The Inner Critic and Depression

In dealing with depression it is quite common to find an inner critic or internal parent that has turned against the self. In this case the harshness of early admonishments are revived and relived with a real and destructive ferocity. We can experience strong feelings of self reproach which can result in reduced self esteem and feelings of utter worthlessness. These self reproaches are echoes of criticisms received over time from others which become a part of how we regard our own self. Often we defend ourselves against them; maybe even for years but at times when things seem to be going wrong for us on different fronts they can assert themselves and leave us feeling overwhelmed. This cruel self reproach from internalised rebukes is central to the feelings of low self worth which often accompany depression.

A Healthier Inner Critic

We do however need an internal critic. Its purpose is to regulate the personality, particularly in a social capacity.
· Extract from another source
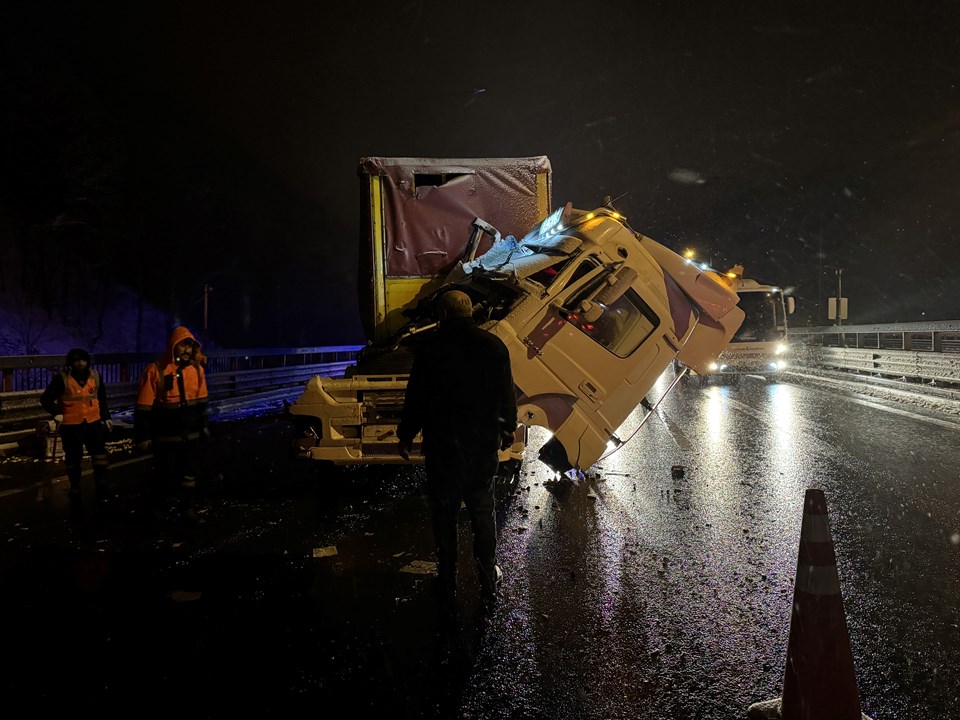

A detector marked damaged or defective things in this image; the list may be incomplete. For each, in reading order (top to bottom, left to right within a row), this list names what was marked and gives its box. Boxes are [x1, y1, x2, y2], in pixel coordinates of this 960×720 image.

overturned truck cab [284, 200, 744, 476]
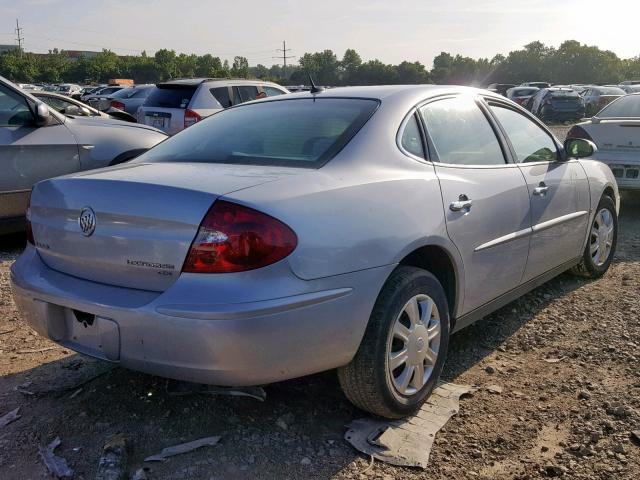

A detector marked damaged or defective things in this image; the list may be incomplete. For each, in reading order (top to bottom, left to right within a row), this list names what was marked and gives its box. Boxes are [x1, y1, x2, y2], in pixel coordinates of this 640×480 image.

damaged vehicle [11, 84, 620, 418]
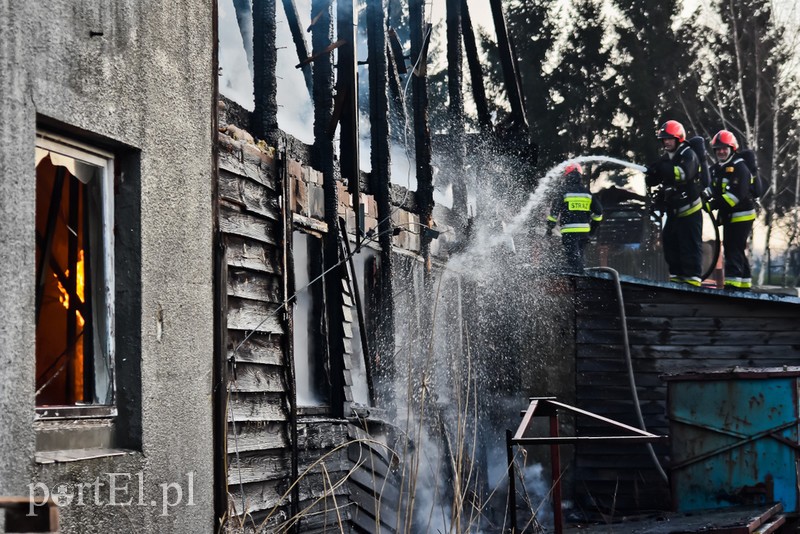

We benefit by becoming masters of our own fantasies and impulses and by channelling these energies into creative rather than destructive endeavours. If the regulation behind the internal critic is aimed at achieving a certain standard in a particular field of life; if it is benignly learned and compatible with how we would like to behave and like to be regarded then it can be a positive and creative force. In this way too in therapy we can tune into our internal critic; its effects and the obstacles it can erect. We can consider these in the light of how we would like to be. In this way we can learn to realign it to revised personal standards and goals, freed up from old blockages. We can replace a harsh internal critic with a more benign one of our own choosing.